Artur Davis: Another Thing Obamacare Got Wrong

It’s a good time to revisit a point that I made a year or so ago on George Stephanopolous’ “This Week” program. The new health-care law, for all of its moral claims about making medical coverage universal, will end up falling about six million people short of that goal, and the individuals left out of the equation will be the very low income uninsured who are touted as the primary beneficiaries of Obamacare. The New York Times has just summarized the reasons. While the law substantially expands Medicaid eligibility beyond its current focus on children and low wage families, the Supreme Court’s rewrite of the statute last summer has permitted states to opt out of the expansion with no penalty, and to date, 25 states have done just that. Under the new law, there are no provisions to capture the sizable pool of people whose states decline to raise their eligibility standards and who don’t qualify for traditional Medicaid: that is, low income but able bodied adults with no children, and adults with children but whose income is between 32% and 100% of the federal poverty level (which translates to between $6,250 and $19,530 for a family of three).  And Obamacare’s insurance subsidies for lower middle income families were allotted exclusively for individuals or families earning above the poverty line.
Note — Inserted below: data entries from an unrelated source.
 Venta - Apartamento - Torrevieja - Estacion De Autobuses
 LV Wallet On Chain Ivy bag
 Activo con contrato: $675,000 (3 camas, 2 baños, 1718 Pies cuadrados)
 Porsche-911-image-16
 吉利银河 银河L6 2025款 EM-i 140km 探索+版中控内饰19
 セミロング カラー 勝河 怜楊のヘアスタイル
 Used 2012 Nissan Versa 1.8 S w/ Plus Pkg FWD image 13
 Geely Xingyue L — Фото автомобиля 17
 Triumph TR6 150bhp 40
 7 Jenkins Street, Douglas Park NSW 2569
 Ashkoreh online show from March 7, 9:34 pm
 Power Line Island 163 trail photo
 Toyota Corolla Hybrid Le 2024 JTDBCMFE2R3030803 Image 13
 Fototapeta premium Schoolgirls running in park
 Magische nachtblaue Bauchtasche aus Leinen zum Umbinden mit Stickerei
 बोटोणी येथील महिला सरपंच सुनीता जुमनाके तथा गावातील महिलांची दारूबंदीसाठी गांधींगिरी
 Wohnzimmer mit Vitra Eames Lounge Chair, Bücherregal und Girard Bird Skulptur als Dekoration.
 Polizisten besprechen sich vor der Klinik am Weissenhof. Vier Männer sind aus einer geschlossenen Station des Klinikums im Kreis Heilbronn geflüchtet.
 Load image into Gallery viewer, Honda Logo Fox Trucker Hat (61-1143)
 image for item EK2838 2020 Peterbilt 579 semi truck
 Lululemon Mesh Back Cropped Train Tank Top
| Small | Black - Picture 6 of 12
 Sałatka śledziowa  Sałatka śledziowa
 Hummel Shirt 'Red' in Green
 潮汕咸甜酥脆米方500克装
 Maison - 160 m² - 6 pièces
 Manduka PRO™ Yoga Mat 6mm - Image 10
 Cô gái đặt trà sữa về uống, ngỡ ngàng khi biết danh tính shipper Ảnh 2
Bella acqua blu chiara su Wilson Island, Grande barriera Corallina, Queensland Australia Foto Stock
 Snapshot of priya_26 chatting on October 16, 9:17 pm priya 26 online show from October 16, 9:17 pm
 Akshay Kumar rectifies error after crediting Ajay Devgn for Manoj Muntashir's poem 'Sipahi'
The political blame has rested primarily with the Republican governors who have not been moved to accept the strings and, post 2018, new financial obligations that come with growing their Medicaid program, despite the large numbers of working, uninsured poor who live in many of their states.  But there is nothing unpredictable about cash starved states with a low tax base, or states whose voters are overwhelmingly hostile to the new healthcare law, refusing to assume responsibilities that will be unpopular in the short term and costly in the long term. Nor is there any huge surprise that the component of Obamacare which was supposed to avoid this dilemma, a draconian demand that states accept the expansion or risk their whole federal Medicaid match, would face a severe legal fight.  In fact, the same Supreme Court that sharply split over the constitutionality of the insurance mandates in the Affordable Care Act agreed 6-2 that the “take it or risk your whole program” threat was illegal.

davis_artur-11Given those realities, one of the centrist criticisms of Obamacare—the argument that it is needlessly ambitious and overshoots the aim of extending insurance to Americans who couldn’t afford healthcare—seems to have been borne out.  There were any number of viable ways the White House and congressional architects could have avoided this trap, ranging from taking then Chief of Staff Rahm Emanuel’s advice to shelve broad-based reform for a more targeted version that would have shored up Medicaid and picked up 100% of the tab, to establishing a pool for catastrophic coverage for low wage earners facing medical emergencies. Or, in other words, abandoning the expensive and complex array of reforms in service delivery and doctor reimbursement that have muddled the law without building its popularity, in favor of a straightforward low-income assistance program.

Liberals will argue that even a trimmed down Obamacare would have faced partisan attack. Undoubtedly, but what liberals tend to overlook is that the ferocity of conservative attack on the law rested mostly on its bewildering details and its overt aspirations of realigning the healthcare system across the board. Designing an initiative that focused on the very people who are about to fall through the cracks would have set up a much tougher target for congressional Republicans. The battle that ensued would have been a conventional back and forth over costs, but not the kind of long-running fundamental clash over principles that Obamacare has turned into. Furthermore, heeding the suggestion of scaling back Obamacare in the spring of 2010, when the original version was floundering, likely would attracted some number of Republican senators and a limited, but politically relevant group of Republican House members.

A smaller, narrower health care reform might not have been the credential builder the White House seemed so eager to obtain when Democrats controlled two houses of Congress. But it would have been a morally defensible, more affordable plan to concentrate on removing economic status as an obstacle to healthcare, a goal that a number of Republicans would not have felt comfortable fighting, and most of the ones who fought would not have spent three years of capital re-litigating the loss. (it is not hard to imagine that if Obamacare were a buffed up Medicaid and nothing more, that repealing it might engage the average Republican about as much as reversing the Dodd Frank financial reform, or demanding that wasted stimulus funds be repaid, that is to say, not very much at all). There are roughly six million poor adults who will wish the tradeoff had been made as they discover that good medical care is still out of their reach, three years and a trillion dollars later.